[What the task asks] The copy you print must match the listing exactly, with its pictures removed.

[Data below]
--- START ---

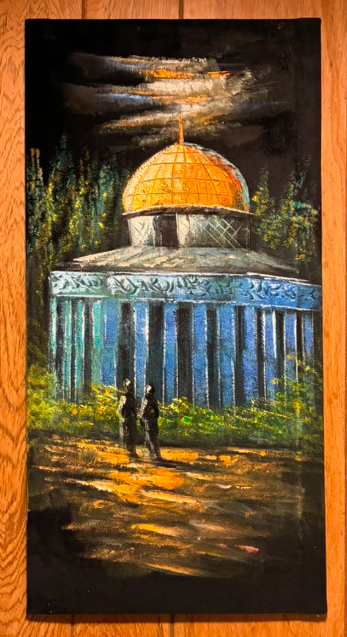 The Golden Dome – Original Acrylic Dome of the Rock Jerusalem Night Painting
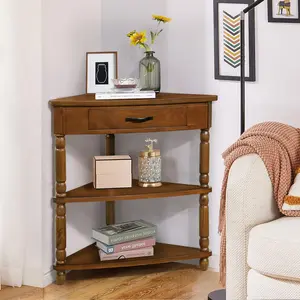 33.8'' Small Triangle Corner Table, Wood Corner Side Table for Small Spaces/ Living Room, 3 Tier End Corner Table with Solid Wood Legs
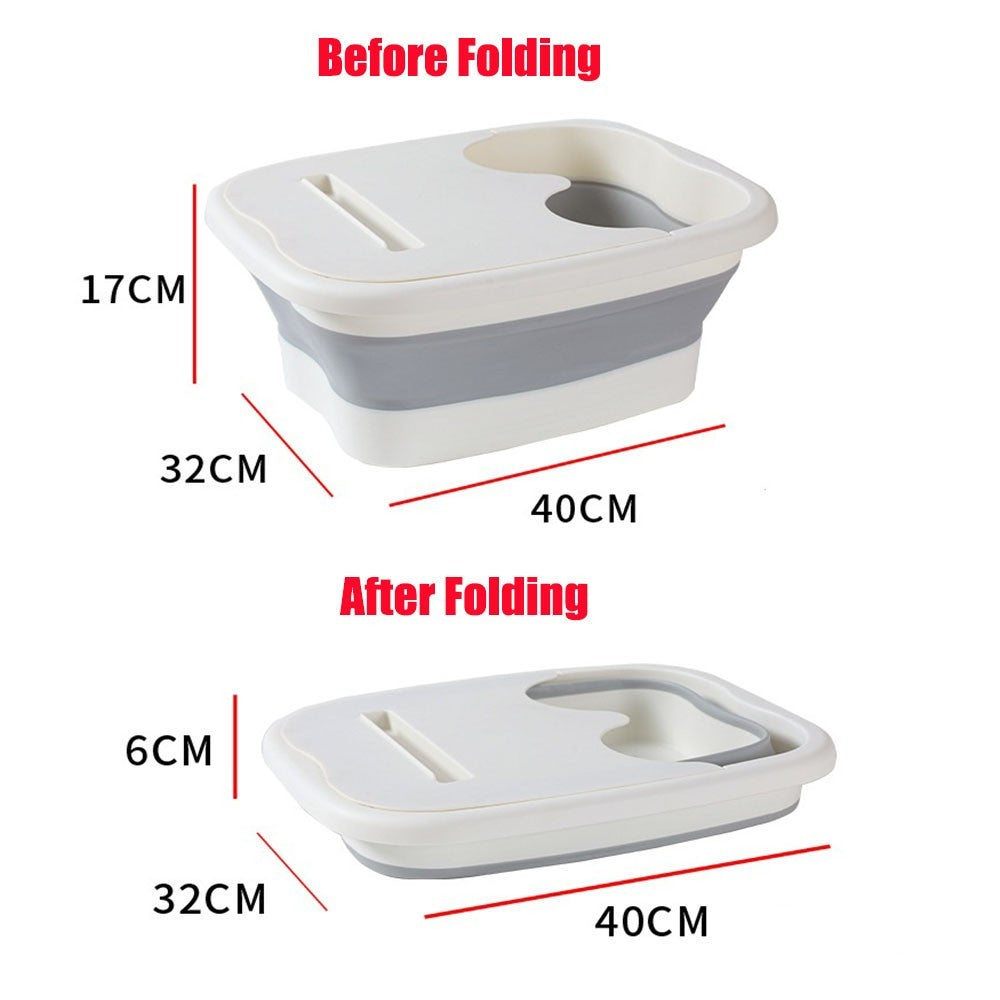 Collapsible Foot Spa Bath Bucket with Handle Portable Pedicure Soak 3 Colors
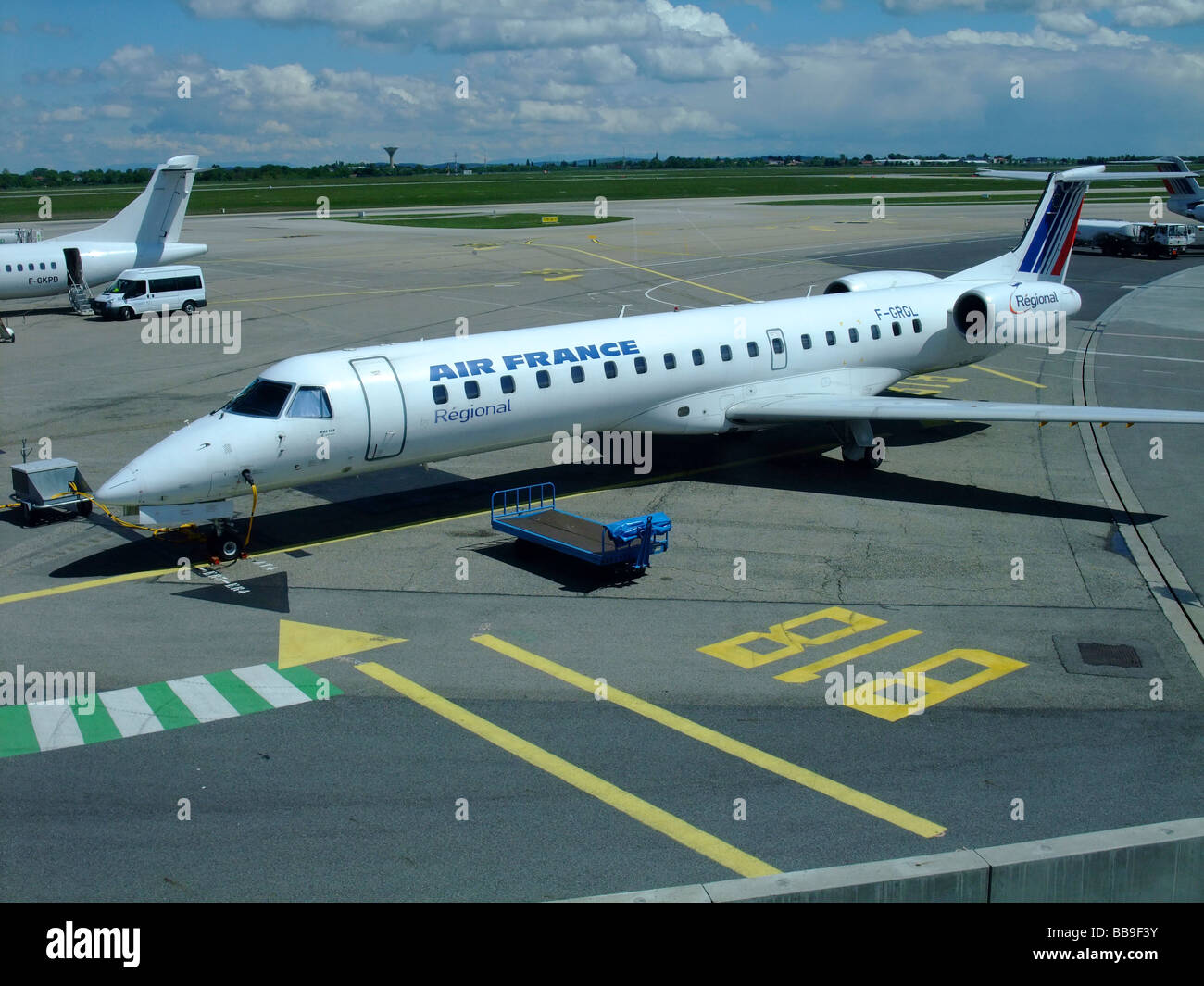 Embraer ERJ-145 regional jet of the company Regional (flying for Air France) on the parking at Lyon Saint Exupery airport Stock Photo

--- END ---

[Response area]
 The Golden Dome – Original Acrylic Dome of the Rock Jerusalem Night Painting
 33.8'' Small Triangle Corner Table, Wood Corner Side Table for Small Spaces/ Living Room, 3 Tier End Corner Table with Solid Wood Legs
 Collapsible Foot Spa Bath Bucket with Handle Portable Pedicure Soak 3 Colors
 Embraer ERJ-145 regional jet of the company Regional (flying for Air France) on the parking at Lyon Saint Exupery airport Stock Photo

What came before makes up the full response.